TASK TO CARRY OUT: Every line below that holds the word "Classic" must be listed.
RECORDS FOR THE EXERCISE START
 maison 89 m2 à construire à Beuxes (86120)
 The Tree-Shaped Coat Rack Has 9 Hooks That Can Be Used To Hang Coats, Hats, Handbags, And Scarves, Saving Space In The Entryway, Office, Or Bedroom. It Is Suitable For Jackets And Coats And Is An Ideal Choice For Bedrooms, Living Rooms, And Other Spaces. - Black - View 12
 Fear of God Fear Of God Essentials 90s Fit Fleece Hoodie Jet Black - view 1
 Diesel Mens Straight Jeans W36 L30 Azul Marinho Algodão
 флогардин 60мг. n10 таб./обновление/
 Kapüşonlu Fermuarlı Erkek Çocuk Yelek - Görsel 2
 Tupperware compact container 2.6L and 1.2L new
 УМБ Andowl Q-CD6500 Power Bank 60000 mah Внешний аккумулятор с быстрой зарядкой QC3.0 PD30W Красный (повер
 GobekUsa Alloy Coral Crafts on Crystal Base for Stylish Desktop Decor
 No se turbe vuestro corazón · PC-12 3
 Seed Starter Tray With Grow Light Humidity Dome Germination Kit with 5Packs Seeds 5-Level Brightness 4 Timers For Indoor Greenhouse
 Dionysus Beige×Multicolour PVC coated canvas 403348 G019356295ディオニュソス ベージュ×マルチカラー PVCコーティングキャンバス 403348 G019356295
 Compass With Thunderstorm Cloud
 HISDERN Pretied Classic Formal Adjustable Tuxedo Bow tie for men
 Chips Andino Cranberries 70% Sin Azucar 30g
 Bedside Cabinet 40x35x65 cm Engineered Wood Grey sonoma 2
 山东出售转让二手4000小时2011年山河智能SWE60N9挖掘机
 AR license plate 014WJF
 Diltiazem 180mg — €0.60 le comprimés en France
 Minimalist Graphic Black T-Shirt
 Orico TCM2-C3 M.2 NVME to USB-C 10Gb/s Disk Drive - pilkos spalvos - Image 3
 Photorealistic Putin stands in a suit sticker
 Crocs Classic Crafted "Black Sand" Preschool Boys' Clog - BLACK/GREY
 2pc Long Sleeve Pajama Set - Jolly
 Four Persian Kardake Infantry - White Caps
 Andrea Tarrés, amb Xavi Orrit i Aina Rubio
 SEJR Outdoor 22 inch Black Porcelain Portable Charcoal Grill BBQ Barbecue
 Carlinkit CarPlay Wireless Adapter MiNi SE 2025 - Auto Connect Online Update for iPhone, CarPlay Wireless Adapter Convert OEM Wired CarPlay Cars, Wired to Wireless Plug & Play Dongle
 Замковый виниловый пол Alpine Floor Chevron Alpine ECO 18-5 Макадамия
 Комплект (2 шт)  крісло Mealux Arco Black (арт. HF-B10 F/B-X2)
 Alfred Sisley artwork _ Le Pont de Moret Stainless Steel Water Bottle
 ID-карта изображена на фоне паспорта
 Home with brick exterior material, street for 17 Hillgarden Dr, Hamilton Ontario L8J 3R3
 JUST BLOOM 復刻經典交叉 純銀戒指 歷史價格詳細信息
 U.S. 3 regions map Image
RECORDS FOR THE EXERCISE END
OUTPUT:
 HISDERN Pretied Classic Formal Adjustable Tuxedo Bow tie for men
 Crocs Classic Crafted "Black Sand" Preschool Boys' Clog - BLACK/GREY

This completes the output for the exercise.